2024年7月22日月曜日

主体の起源は自閉症

 

問題となっているのはフロイトが『ナルシシズム入門』で語っていることである。つまり我々は、自己自身が貯えとしているリビドーと呼ばれる湿った物質でもって他者を愛しているのだということである。〔・・・〕つまり目の前の対象を囲んで、浸し、濡らすのである。愛を湿ったものに結びつけるのは私ではなく、去年注釈を加えた『饗宴』の中にあることである。


Il s'agissait de ce dont nous parle FREUD, à ce niveau de l'Introduction au narcissisme, à savoir : que nous aimons l'autre de la même substance humide qui est celle dont nous sommes le réservoir, qui s'appelle  la libido, (…)  c'est-à-dire environnant, noyant, mouillant l'objet d'en face.

愛の形而上学の倫理、愛の条件[Liebesbedingung]の本源的要素が問題なのであるが、この愛はーー愛の彼岸に残滓としてあるものを知ることでもあるがーー、われわれがここで愛と呼ぶものはある意味では、私は自分の身体しか愛さないということである。たとえ私はこの愛を他者の身体に転移させるときにでもやはりそうなのである。

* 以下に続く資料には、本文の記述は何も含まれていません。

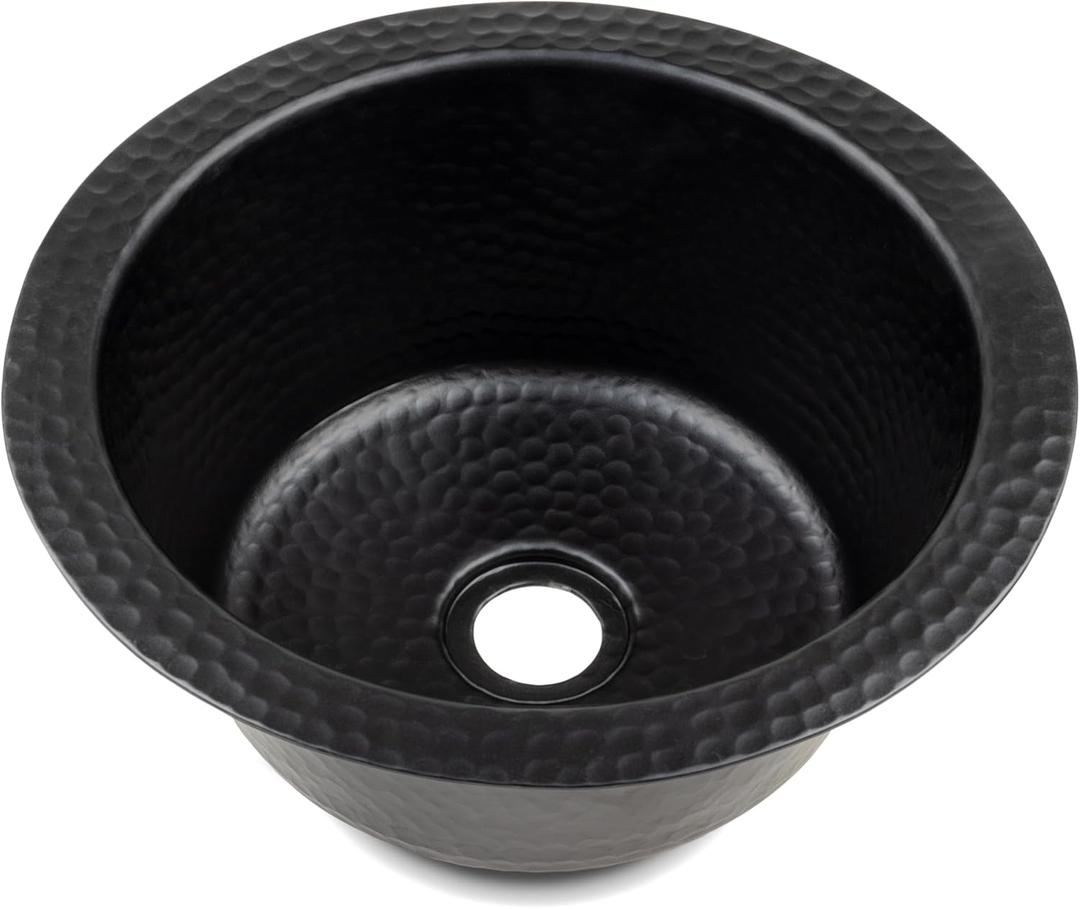Monarch Abode Kitchen & Bar Sink 12-inch Essex Dual Mount Drop in Bar Prep Sink, Hand Hammered Matte Black Aluminum Sinks, Drop in or Undermount Kitchen Sinks, Single Circular Dual Mount Bowl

Moralité de cette métaphysique de l'amour… puisque c'est de cela qu'il s'agit, l'élément fondamental de la Liebesbedingung, de la condition de l'amour …moralité, en un certain sens je n'aime… ce qui s'appelle aimer, ce que nous appelons ici aimer, histoire de savoir aussi ce qu'il y a comme reste au-delà de l'amour, donc ce qui s'appelle aimer d'une certaine façon …je n'aime que mon corps, même quand cet amour,  je le transfère sur le corps de l'autre. (Lacan, S9, 21 Février 1962)




器質的な痛苦や不快に苦しめられている者が外界の事物に対して、それらが自分の苦痛と無関係なものであるかぎりは関心を失うというのは周知の事実であるし、また自明のことであるように思われる。これをさらに詳しく観察してみると、病気に苦しめられているかぎりは、彼はリピドー的関心[libidinöse Interesse] を自分の愛の対象[Liebesobjekten] から引きあげ、愛することをやめているのがわかる。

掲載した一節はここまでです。